Are they such a sunless people that any color will do?
Today Karim came to my room. We went out and he bought me a lemon drink at a café where we sat outside under an awning as it rained and shared what little tobacco he had left. He had no money on his phone, and once again I was aware of what a poor city we live in. We had a nice talk with some laughing. Karim seems so full of promise. Smart, curious and creative. I was happy from our short visit. I then went to John’s. What a good man he is. There is such an unfair burden on him right now for which I feel awful, both relating to what he has seen me like crumbling these past few months as well as the work that has been required of us. It occurred to me that he has saved my life more than once over the years.

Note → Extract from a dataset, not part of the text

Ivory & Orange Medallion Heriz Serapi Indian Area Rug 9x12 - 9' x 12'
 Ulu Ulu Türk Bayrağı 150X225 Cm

Waiting for Stefanie in a grey mist by the canal. No swans, ducks, crows or dogs…just a mist. The hospital faces the canal, arms open. Directly across the water is one of those housing projects that conceived of in the 1950s as one man’s utopia in the 70s were finally built as cages for the poor. Stefanie and I walked to a café and talked quietly. I was so tired. I am so tired often, but feeling alright now as I write this.
Hard time going to sleep as usual. Woke from a nightmare that woke Franz.
I veered from purpose due to well-being. A list;
I am in a hospital
Looking down a polished floor
The plants are predictable
There is a clock
Time
Over 40 years of sadness
Halt
The traffic roars across the city
Strange I do not hear it when outside
Was I lost or am I lost?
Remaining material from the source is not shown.